The competition between veteran signal callers Luke McCown and Byron Leftwich has been tight, with each quarterback starting one preseason contest so far.
Leftwich, 29, signed a two-year contract with the Bucs as a free agent during the offseason. The former first-round pick out of Marshall has completed 58.6 percent of his career passes for 9,624 yards and tossed 54 touchdowns and 38 interceptions in 46 starts with Jacksonville, Atlanta and Pittsburgh.
That playing experience is significantly more than that of McCown, who has completed 59.7 percent of his throws for 1,617 yards and nine touchdowns and 10 interceptions in seven career starts in the NFL.
The 6-foot-6, 250-pound Leftwich completed 12-of-26 (46.1 percent) passes for 124 yards and one touchdown in two preseason games. He also led two drives that resulted in field goals.
McCown (6-3, 217), who re-signed with the Bucs before the start of free agency, inking a two-year deal that included a $2.5 million signing bonus, completed 10-of-17 passes (58.8 percent) for 70 yards with two touchdowns, both of which came in Tampa Bay's 24-23 win over Jacksonville on Saturday night.

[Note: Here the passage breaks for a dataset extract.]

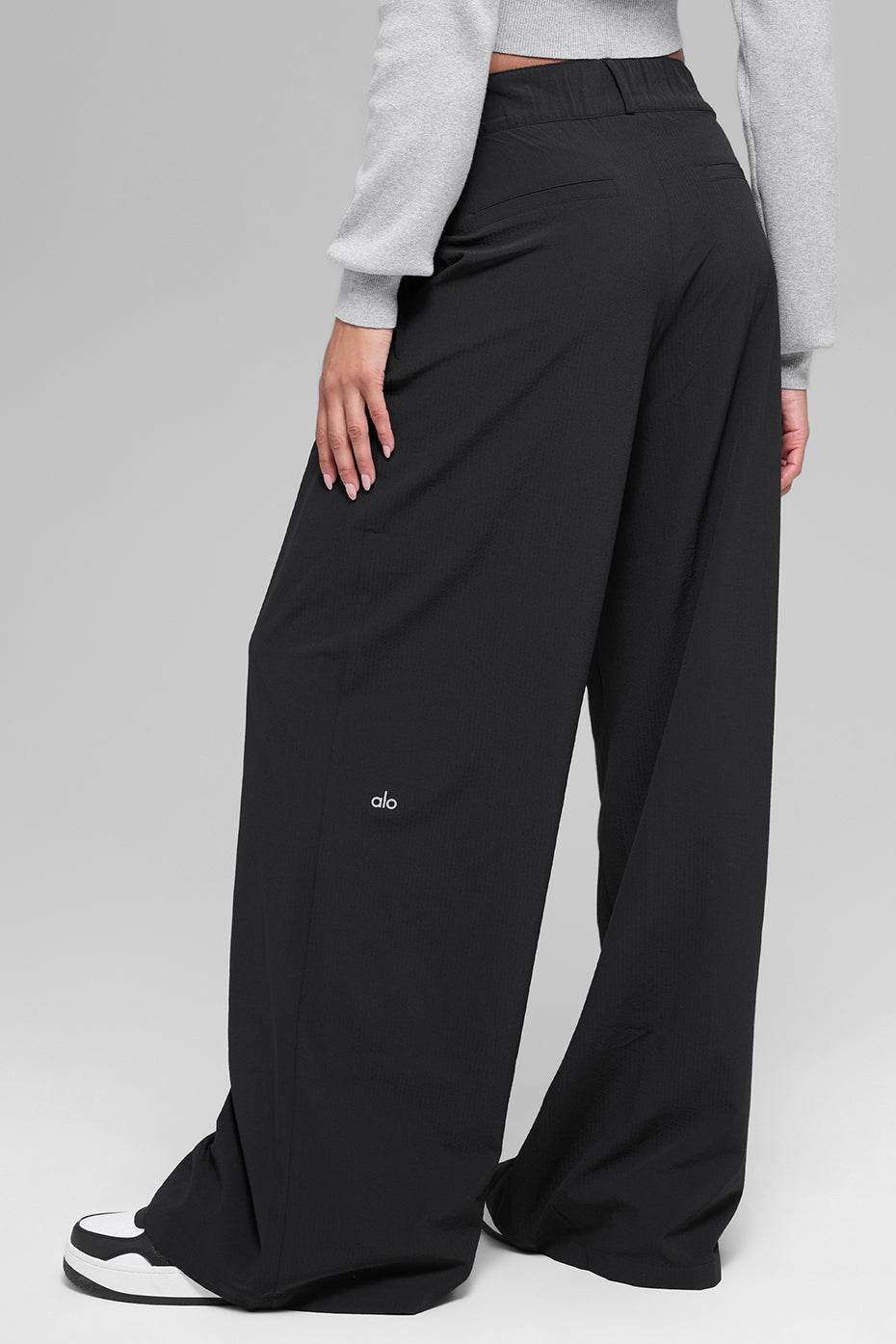 Alo High-Waist Dreamscape Trouser (Long) - Black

McCown's impressive outing vs. the Jaguars, along with the recent emergence of rookie Josh Freeman and second-year QB Josh Johnson, has apparently given Morris pause and prompted the head coach to solicit the feedback of quarterbacks coach Greg Olson, offensive coordinator Jeff Jagodzinski and general manager Mark Dominik, among others, before picking a starting quarterback or choosing to extend the competition through the third preseason game of the year.

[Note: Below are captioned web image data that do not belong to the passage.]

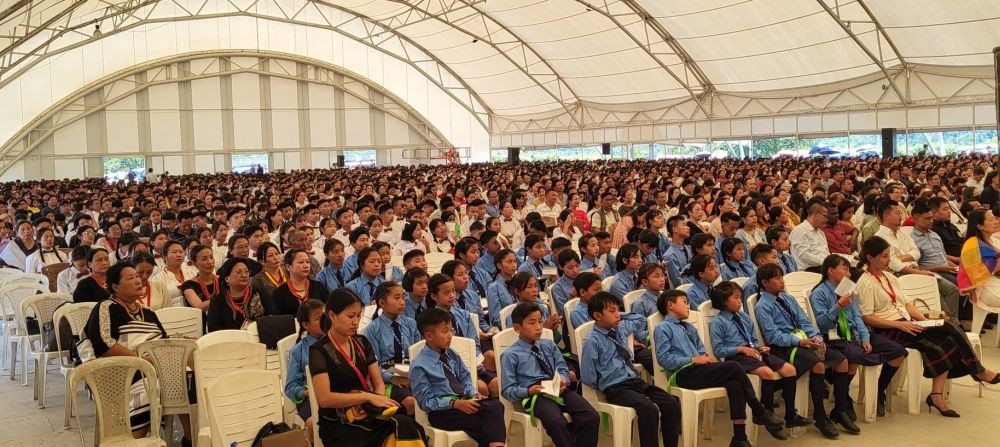 Students and teachers in attendance during the State Level Teachers’ Day celebration at NBCC Convention Hall, Kohima on September 5.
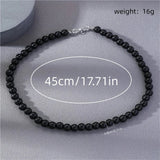 AIDASE  -  French Vintage Black Pearl Necklace For Women Simple Acrylic Beads Choker Fashion Jewelry Accessories Dropshipping Gift aidase-shop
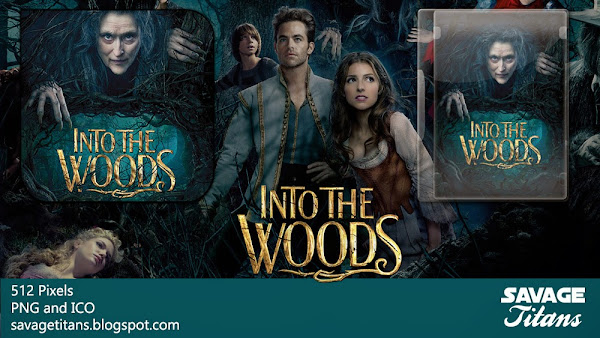 Into the Woods (2014) Movie Folder Icon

"More than one of them has stepped out of their box and showed some things," said Morris. "What Luke did last night was really good. Josh Freeman played well, and had he gotten a few more snaps maybe it could have been really good. Leftwich, had he hit that pass to [Mike] Clayton, it might have been a great night for him. All three quarterbacks played well last night. Last week, everybody was knocking on Josh Johnson's door. They've all done a good job. That's why I'm saying that we might have to go upstairs, reevaluate this thing and figure out what I want to do with my deadline."
The Bucs will enter the 2009 regular season with at least three quarterbacks – Leftwich, McCown and Freeman, but the QB depth chart is a work in progress. The team could choose to use its final two preseason contests to determine who the starting quarterback is and whether to keep Johnson as a fourth quarterback, just as the Bucs did in 2008.
"The decision was tough from the beginning," Morris said. "Dating back to the OTAs, Josh Freeman decided he wanted to play and wanted to be part of the competition. You saw Josh Johnson towards the end of training camp and in that first preseason game say, ‘I want to play, too.' You've seen Leftwich come on, and then last night when Luke got in the game he woke up and said, ‘Don't forget about me.' The decision has been tough all along. With guys playing better like that, that's what you want. We asked for competition and we're getting it.
"There are no givens – there will be a first guy picked, a second guy picked and a third guy picked. With the way they're playing, I mean, there was a time when I said I wouldn't keep four quarterbacks, but I don't even know if that's true anymore. We have to go back and evaluate everything, and keep the best 53 people."